What is needed – Except for images, print the whole listing verbatim.

Data below –
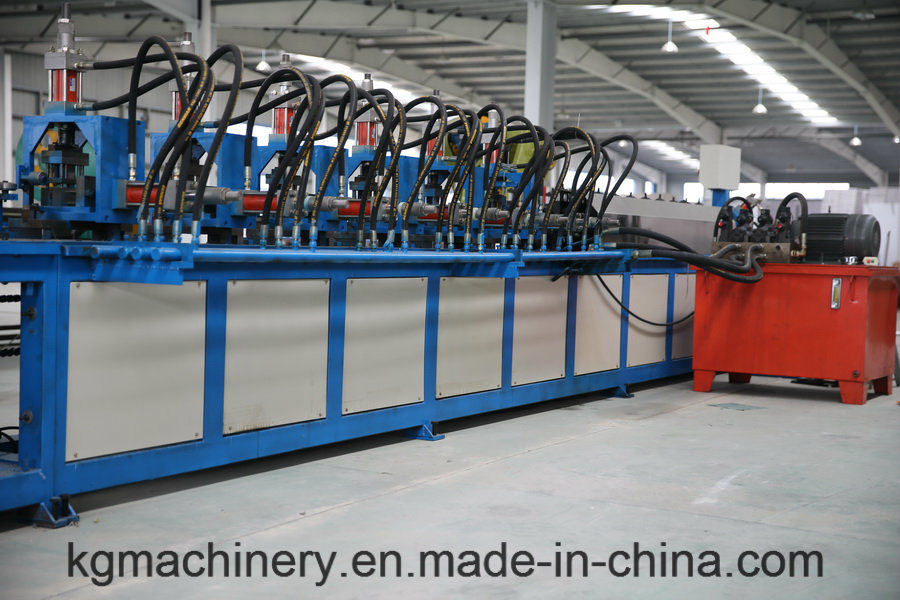 Cold Bending Machine for T Grid Form China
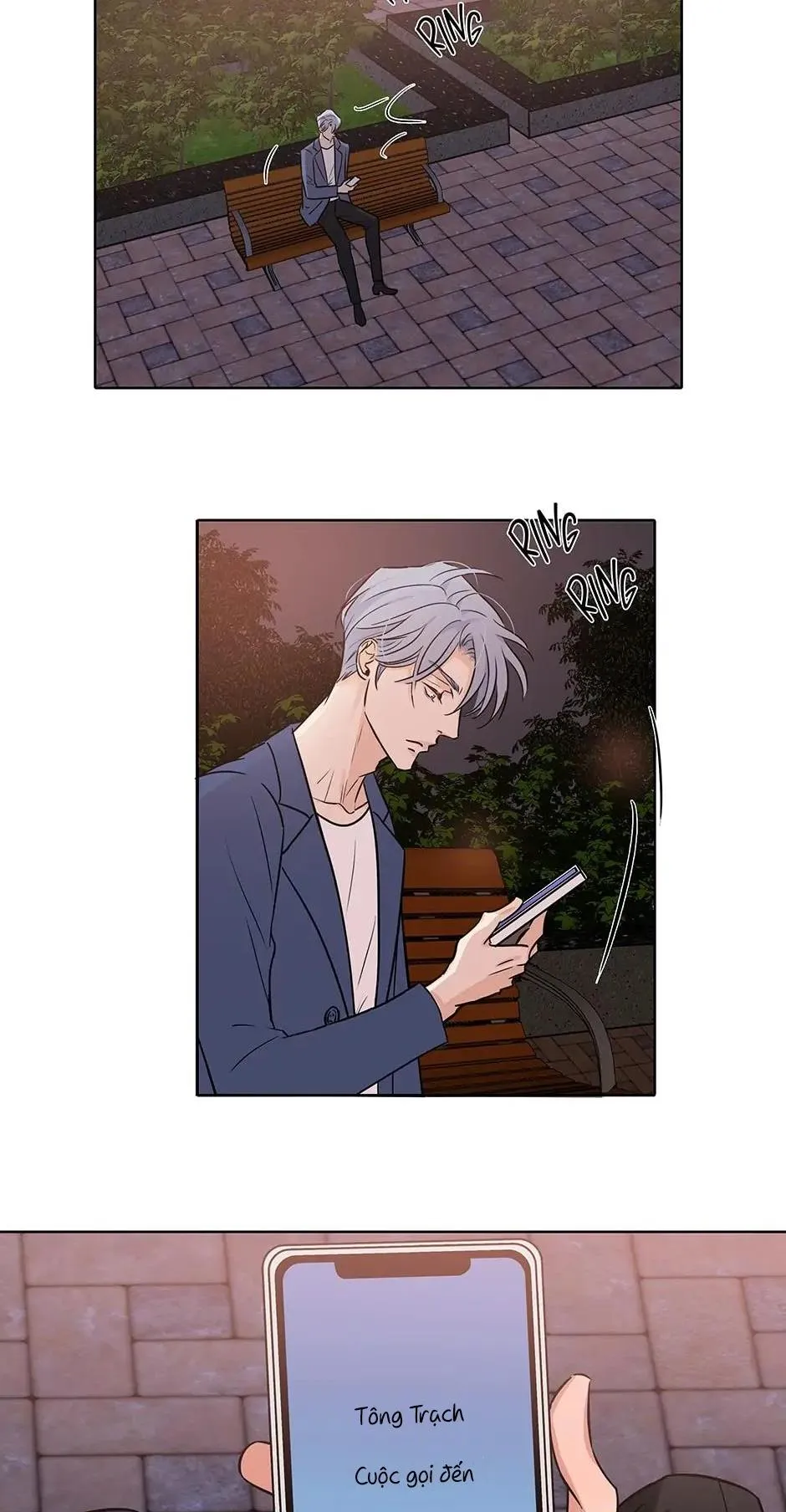 Thú Dữ! Đừng Tự Ý Mở Chuồng (END) Chapter 65 Trang 8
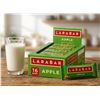 Image 1 : LÃ¤rabar Apple Bars 16 Pack 720g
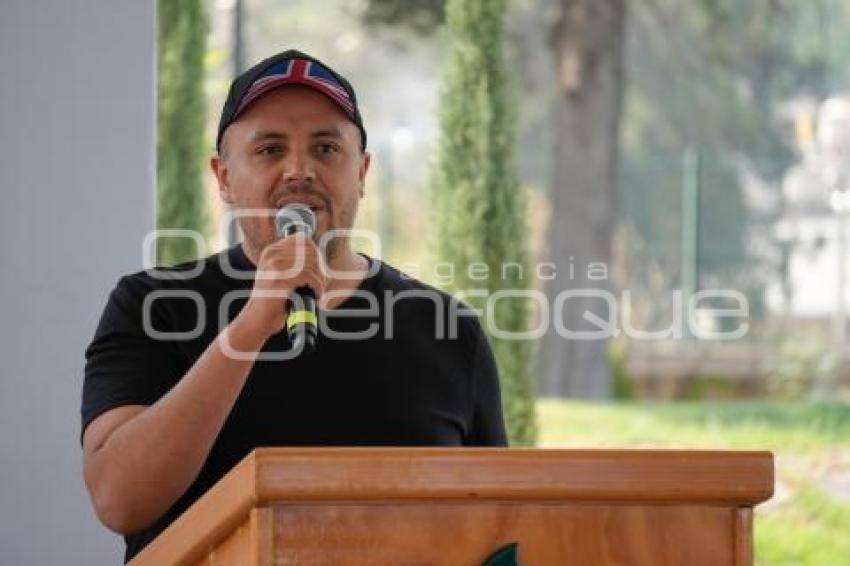 TLAXCALA . JUAN GARCÍA APANGO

Response to the exercise –
 Cold Bending Machine for T Grid Form China
 Thú Dữ! Đừng Tự Ý Mở Chuồng (END) Chapter 65 Trang 8
 Image 1 : LÃ¤rabar Apple Bars 16 Pack 720g
 TLAXCALA . JUAN GARCÍA APANGO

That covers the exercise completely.